On Mon, Jul 28, 2003 at 10:36:27AM -0500, DP Support wrote:
> Matthew,
> That explains it perfectly!  However, let me throw this on the pile and let me have 
> your opinion on it:
> 1) Hardware load balancing is an option (or so I found out from the people that 
> built the server) .. Using ATA133 RAID.  Being this is an option, should I hardware 
> LB or software LB?

Load balancing is a different thing to RAID.  As to whether you should
use hardware RAID: probably yes, as the hardware RAID will take some
of the load off the main CPU thus maximizing performance.  Plus some
HW raid can implement write caching using non-volatile memory, which
means that an unexpected power cut can't damage the file system or
cause data loss.  That grade of RAID controller tends to be fairly
expensive though.  However, it's not cut and dried that HW RAID will
out-perform SW RAID, particularly when doing RAID 0 or RAID 1.  You'll
have to experiment to find out which works better.
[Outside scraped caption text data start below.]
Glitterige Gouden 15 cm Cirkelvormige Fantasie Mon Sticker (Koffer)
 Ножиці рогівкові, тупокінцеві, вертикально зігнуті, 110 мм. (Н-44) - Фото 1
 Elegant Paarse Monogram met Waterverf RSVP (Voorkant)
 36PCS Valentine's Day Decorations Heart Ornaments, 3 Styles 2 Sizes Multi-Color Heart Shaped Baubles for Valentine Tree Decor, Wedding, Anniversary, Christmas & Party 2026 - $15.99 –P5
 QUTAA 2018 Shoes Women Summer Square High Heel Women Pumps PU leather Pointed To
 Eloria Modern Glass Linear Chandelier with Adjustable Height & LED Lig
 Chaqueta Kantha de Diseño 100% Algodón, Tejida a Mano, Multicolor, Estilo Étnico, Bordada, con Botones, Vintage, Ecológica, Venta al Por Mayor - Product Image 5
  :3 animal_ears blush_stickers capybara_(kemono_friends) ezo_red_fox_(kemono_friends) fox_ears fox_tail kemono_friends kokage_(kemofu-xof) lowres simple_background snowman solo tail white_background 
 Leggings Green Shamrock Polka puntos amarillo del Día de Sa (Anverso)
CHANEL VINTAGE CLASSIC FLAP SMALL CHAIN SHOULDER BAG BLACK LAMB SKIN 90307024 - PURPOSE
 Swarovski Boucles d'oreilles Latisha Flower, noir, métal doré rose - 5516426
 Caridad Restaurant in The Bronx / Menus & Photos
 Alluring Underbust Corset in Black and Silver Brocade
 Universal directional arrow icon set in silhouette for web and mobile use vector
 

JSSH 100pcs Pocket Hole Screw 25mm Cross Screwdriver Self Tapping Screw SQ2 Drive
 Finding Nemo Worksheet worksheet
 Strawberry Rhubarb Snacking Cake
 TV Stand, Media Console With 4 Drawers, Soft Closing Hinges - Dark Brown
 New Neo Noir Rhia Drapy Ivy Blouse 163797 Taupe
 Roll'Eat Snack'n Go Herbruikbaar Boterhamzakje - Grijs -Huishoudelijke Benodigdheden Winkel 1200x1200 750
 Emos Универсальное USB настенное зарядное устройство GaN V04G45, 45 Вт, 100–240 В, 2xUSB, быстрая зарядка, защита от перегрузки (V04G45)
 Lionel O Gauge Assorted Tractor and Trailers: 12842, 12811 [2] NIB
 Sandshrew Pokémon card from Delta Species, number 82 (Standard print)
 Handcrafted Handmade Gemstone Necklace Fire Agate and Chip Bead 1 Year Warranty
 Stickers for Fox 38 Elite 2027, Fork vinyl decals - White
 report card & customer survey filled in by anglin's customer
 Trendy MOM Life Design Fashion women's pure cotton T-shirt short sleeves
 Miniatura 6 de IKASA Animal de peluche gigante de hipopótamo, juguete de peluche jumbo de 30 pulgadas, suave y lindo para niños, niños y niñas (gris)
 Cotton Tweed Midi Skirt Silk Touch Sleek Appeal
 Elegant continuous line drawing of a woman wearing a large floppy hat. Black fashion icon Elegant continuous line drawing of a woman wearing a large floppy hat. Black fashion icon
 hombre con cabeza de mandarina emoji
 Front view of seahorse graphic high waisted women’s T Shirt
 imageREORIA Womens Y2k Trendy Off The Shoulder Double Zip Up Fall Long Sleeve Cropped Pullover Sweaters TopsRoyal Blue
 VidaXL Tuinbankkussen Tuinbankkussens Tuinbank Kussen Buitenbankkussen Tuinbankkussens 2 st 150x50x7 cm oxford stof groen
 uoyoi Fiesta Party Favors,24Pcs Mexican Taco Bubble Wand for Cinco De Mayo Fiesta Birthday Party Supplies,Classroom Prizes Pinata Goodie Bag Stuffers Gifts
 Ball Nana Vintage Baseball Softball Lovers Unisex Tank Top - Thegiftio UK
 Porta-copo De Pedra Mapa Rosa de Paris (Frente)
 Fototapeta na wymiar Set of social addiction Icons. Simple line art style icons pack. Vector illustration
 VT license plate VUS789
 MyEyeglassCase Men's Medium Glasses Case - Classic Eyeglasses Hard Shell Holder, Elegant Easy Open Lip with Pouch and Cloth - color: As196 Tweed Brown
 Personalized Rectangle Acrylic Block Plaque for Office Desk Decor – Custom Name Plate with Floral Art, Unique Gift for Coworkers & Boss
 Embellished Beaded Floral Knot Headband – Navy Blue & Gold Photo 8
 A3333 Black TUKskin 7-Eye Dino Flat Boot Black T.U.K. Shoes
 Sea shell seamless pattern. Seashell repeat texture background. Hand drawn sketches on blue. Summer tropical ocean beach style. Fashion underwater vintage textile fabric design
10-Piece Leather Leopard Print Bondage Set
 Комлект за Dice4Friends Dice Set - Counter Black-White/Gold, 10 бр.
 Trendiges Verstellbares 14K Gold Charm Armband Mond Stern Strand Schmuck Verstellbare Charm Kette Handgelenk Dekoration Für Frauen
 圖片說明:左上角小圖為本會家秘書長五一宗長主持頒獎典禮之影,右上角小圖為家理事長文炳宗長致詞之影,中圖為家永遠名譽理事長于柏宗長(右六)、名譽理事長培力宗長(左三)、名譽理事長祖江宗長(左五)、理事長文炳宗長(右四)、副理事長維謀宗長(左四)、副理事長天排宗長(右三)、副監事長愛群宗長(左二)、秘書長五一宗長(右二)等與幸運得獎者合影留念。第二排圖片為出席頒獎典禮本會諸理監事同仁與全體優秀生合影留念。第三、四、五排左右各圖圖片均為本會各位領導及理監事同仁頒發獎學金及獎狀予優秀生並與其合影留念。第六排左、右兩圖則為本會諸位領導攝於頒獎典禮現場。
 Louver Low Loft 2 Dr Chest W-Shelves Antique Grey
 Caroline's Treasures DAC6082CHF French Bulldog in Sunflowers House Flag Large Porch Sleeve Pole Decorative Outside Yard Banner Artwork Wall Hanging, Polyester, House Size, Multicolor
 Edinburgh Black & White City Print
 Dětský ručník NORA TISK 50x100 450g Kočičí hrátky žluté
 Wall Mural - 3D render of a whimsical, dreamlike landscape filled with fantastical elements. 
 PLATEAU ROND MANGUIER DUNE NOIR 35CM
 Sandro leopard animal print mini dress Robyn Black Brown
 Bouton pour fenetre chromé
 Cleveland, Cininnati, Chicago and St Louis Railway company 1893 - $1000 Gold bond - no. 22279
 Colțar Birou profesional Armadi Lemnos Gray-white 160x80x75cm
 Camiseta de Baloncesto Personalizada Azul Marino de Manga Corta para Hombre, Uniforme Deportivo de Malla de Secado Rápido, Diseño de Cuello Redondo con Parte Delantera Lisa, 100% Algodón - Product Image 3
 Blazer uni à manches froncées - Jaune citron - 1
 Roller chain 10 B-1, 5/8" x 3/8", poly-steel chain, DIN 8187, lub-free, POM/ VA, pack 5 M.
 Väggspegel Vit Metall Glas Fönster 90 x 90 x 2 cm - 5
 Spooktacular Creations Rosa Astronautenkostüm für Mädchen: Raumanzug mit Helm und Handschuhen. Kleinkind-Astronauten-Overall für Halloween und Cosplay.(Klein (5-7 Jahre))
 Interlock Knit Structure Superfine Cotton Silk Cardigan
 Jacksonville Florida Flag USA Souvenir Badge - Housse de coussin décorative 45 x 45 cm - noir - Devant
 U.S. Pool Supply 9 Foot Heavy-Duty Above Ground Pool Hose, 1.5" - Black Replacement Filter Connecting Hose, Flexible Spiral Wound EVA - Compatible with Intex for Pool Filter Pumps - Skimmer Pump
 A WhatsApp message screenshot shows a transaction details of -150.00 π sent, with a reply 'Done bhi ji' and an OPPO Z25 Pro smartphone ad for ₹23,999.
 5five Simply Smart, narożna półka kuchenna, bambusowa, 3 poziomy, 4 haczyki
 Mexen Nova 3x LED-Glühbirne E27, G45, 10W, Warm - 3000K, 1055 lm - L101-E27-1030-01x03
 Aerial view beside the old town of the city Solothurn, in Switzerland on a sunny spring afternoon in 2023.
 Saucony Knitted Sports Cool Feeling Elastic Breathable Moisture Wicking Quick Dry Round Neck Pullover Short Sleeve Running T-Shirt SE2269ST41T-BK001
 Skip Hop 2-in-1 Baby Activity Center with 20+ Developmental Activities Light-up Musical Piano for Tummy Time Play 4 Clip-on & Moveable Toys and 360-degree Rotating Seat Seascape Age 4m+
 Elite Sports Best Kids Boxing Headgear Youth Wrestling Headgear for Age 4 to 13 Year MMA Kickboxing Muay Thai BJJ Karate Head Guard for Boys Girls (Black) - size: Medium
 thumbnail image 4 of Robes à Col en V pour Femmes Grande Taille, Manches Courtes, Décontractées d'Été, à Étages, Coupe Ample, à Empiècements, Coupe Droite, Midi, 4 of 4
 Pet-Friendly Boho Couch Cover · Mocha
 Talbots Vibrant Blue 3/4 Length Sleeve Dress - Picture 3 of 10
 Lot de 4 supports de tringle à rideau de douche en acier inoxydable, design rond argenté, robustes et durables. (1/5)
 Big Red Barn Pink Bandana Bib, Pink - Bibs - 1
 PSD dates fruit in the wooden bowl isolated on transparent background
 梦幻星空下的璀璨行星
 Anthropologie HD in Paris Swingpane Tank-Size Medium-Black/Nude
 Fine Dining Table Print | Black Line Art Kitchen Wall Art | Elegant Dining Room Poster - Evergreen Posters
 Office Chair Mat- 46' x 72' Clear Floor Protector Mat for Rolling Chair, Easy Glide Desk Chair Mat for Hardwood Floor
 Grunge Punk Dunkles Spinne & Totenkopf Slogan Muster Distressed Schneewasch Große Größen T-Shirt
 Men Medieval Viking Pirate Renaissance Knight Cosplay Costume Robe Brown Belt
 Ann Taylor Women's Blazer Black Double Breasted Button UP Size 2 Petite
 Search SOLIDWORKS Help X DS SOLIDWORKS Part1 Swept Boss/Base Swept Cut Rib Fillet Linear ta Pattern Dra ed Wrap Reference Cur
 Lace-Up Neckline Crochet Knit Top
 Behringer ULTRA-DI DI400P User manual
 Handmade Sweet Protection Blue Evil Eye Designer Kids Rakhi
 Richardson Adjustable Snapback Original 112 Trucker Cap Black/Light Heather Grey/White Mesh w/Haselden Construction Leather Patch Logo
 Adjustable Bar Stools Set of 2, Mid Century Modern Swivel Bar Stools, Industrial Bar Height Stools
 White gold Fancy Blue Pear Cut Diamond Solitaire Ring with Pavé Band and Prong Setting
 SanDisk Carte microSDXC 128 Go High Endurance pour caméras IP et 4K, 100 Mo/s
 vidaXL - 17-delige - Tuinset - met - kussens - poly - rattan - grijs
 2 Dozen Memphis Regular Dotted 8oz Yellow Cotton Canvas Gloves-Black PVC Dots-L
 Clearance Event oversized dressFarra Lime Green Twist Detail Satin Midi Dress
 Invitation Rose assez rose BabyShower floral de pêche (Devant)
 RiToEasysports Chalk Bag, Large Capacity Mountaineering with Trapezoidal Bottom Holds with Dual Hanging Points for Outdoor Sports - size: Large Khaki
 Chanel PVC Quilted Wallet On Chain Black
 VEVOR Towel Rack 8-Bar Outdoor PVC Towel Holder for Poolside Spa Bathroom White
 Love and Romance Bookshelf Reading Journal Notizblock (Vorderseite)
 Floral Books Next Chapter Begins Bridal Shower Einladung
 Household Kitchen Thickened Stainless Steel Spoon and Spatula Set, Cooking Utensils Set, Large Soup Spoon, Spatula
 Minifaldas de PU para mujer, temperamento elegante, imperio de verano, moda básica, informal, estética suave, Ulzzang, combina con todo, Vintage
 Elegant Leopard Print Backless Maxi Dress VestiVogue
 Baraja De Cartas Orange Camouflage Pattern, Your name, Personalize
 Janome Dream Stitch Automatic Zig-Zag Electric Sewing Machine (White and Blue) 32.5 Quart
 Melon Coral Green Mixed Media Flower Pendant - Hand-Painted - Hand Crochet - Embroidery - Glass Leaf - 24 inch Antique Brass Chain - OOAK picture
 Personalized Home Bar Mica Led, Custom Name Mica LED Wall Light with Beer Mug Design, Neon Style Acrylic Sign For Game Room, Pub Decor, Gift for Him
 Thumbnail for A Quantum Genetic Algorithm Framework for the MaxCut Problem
Nb. Load balancing usually refers to having two or more web servers to
serve up the same data.  You can implement it in a hackish way using
an apache proxy as described in the apache mod_rewrite docs.  However,
for higher throughput situations it's generally the case that a
specialist piece of kit, like Cisco Arrowpoint or Alteon AceDirector
is used.
> 2) Personally, I like the idea of having 400gbs available.  This server is a web / 
> database / email / dns server.  However, I'm desperately trying to see this in a 
> more advanced light than "WOW, 400 gigs! WOOHOO!" :)  That being said, is Raid 1 the 
> best way to go?  If it slows down writes, will it be noticeable?  The one thing I 
> DON'T want is noticeable speed lost.  Is the Raid becoming corrupt in Raid 0 a 
> common thing? I generally don't add to servers, I buy new ones.. So when I outgrow 
> this production machine, it will get demoted to something else and I'll buy a bigger 
> better production server. (meaning the chances of me adding additional harddisks is 
> unlikely)

Nope -- RAID 1 (mirroring) would be strongly recommended for a
production server, especially if it's at a remote site.  The write
performance won't be an issue: the gains you make on read performance
will far outway any penalties.

RAID becoming corrupt is about as likely as a regular filesystem
becoming corrupt.  Generally it takes some sort of hardware failure to
cause it.  Bad memory in a hardware RAID controller can be
particularly agravating, but it's a fairly unusual occurrence.
> 3) Does it matter that I'm planning an offsite location?  Essentially, I'll backup 
> all the web / email / db stuff to a server offsite.  Although my backup server isn't 
> as big as my production server (right now), I don't have 400 gigs of crap. I figure 
> when I've outgrown my backup server, I can simply replace it.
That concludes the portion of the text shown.